A developer has discovered a serious flaw in Apple's iOS that could trick users into giving out their log-in credentials to hackers.
Apple was already informed regarding the serious matter and is currently working on a software update to fix it, Ars Technica reported.
According to developer and Github user Jansoucek, the problem is rooted in iOS' native email program, the Mail app. The developer explained that since the release of iOS 8.3, the operating system has stopped removing HTML codes from email messages. Hackers can take advantage of this by downloading a type of form that appears like an authentic iCloud log-in prompt from a remote server.
This form is then displayed when users open an email message with the malicious HTML code. The prompt will ask them to enter their iCloud log-in credentials such as their usernames and passwords.
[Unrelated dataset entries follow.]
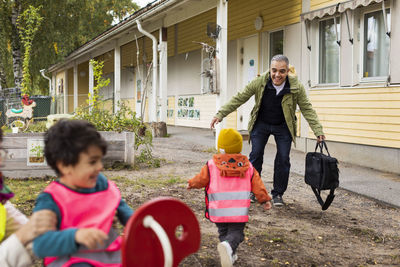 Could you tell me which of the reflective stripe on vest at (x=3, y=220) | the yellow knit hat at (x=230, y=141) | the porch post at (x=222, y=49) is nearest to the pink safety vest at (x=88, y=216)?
the reflective stripe on vest at (x=3, y=220)

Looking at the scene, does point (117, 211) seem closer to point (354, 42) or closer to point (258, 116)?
point (258, 116)

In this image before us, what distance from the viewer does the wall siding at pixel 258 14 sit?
10703 millimetres

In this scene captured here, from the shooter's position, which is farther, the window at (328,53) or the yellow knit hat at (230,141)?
the window at (328,53)

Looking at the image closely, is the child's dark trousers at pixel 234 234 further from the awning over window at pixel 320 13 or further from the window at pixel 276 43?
the window at pixel 276 43

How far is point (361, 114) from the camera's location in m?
8.84

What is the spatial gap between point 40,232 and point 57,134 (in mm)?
411

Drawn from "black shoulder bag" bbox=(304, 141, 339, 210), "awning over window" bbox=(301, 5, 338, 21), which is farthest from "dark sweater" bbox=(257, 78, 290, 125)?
"awning over window" bbox=(301, 5, 338, 21)

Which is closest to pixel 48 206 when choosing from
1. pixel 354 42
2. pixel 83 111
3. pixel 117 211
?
pixel 117 211

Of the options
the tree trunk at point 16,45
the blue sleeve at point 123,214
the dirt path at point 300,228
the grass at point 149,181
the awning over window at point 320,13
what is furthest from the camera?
the tree trunk at point 16,45

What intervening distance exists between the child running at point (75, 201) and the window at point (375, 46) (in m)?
7.44

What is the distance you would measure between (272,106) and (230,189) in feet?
7.01

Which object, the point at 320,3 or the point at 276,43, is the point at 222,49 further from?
the point at 320,3

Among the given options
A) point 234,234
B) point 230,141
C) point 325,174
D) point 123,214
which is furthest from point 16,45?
point 123,214

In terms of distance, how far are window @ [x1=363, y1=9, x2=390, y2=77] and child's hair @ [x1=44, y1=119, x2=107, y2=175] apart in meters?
7.44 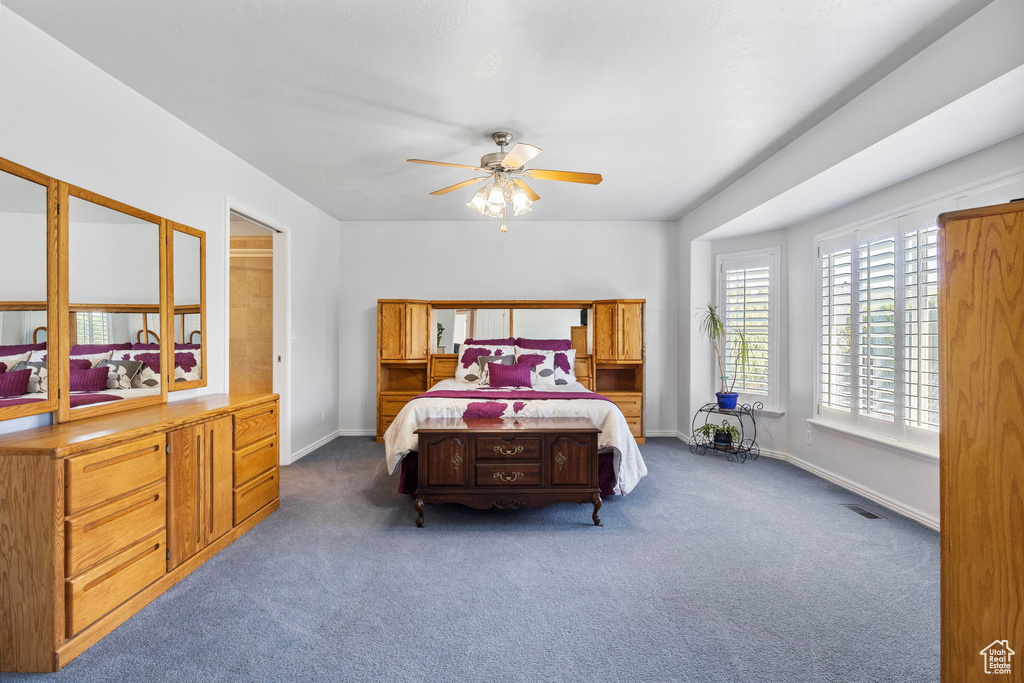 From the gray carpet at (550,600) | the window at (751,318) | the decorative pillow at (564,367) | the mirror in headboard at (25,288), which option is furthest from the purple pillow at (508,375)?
the mirror in headboard at (25,288)

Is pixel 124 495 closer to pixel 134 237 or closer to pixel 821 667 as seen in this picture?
pixel 134 237

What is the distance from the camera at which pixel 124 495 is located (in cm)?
183

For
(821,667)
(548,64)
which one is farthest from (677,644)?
(548,64)

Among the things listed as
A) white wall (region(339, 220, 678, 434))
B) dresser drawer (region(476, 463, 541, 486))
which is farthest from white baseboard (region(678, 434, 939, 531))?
dresser drawer (region(476, 463, 541, 486))

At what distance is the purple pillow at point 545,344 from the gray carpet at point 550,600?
7.03ft

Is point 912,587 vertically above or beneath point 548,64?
beneath

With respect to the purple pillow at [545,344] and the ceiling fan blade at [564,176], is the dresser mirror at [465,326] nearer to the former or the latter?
the purple pillow at [545,344]

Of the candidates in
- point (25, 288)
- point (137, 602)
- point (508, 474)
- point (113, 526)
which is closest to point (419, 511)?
point (508, 474)

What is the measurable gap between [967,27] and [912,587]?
2533 millimetres

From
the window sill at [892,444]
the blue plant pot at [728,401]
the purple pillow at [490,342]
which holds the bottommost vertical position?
the window sill at [892,444]

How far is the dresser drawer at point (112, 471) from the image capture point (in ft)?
5.34

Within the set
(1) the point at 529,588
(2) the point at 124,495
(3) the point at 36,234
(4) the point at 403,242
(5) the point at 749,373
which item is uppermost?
(4) the point at 403,242

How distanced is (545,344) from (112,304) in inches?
145

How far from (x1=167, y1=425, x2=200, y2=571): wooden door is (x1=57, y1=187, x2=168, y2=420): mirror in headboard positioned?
464mm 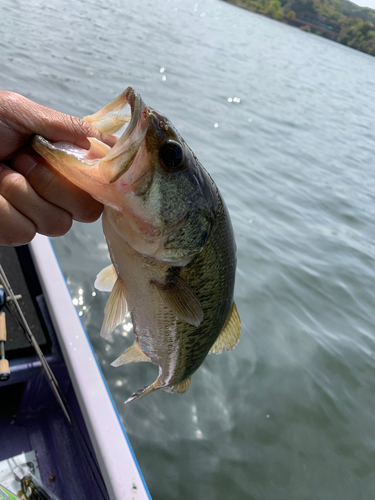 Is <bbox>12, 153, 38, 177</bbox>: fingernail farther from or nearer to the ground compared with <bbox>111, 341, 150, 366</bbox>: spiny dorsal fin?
farther from the ground

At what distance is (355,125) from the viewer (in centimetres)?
1655

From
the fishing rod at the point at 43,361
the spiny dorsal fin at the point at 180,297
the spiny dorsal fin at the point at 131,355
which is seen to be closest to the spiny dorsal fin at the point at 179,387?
the spiny dorsal fin at the point at 131,355

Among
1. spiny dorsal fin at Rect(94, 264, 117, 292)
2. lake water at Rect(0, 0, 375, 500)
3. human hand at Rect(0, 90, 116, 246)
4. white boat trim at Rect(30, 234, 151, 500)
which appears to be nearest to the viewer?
human hand at Rect(0, 90, 116, 246)

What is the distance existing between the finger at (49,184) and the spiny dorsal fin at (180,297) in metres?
0.50

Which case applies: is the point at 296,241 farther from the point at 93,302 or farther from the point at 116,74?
the point at 116,74

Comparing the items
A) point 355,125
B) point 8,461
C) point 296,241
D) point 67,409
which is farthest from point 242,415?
point 355,125

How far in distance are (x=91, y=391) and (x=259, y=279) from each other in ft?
13.0

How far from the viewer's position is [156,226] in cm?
153

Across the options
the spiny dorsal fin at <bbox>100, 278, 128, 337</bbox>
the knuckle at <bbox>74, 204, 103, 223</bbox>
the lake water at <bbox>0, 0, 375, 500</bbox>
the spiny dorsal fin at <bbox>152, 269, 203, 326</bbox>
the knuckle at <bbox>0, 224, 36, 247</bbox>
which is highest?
the knuckle at <bbox>74, 204, 103, 223</bbox>

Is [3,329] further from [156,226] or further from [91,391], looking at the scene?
[156,226]

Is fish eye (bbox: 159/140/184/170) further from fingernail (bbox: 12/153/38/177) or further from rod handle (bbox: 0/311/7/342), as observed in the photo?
rod handle (bbox: 0/311/7/342)

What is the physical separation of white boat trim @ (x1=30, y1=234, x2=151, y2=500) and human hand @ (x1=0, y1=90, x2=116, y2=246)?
167cm

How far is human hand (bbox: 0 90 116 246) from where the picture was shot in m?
1.46

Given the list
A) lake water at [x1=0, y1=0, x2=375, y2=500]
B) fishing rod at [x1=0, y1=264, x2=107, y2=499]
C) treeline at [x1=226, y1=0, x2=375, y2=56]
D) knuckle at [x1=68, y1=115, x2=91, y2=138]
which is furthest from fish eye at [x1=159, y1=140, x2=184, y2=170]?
treeline at [x1=226, y1=0, x2=375, y2=56]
To further trick users into thinking that the prompt is authentic, it will only be displayed once, not each time the email message is opened.
Once users enter their credentials, hackers will be able to gain access to their accounts.
Despite the realistic appearance of the prompt, there are certain details that show that it is not authentic. For one, the real iCloud prompt only asks for a password and not the username. The fake one, on the other hand, requires users to enter both details.
In addition, the authentic prompt automatically comes with the keyboard. In the other one, users have to tap on the prompt to activate this feature, according to NDTV.
To avoid getting their credentials stolen, security experts strongly advise users to just click on the Cancel button once the fake iCloud prompt pops up.
Apple was already notified regarding the iOS flaw. Although the company admitted that it has not yet received complaints or reports directly from its customers, the Cupertino-based tech firm assured users that it will release a software update to solve the problem.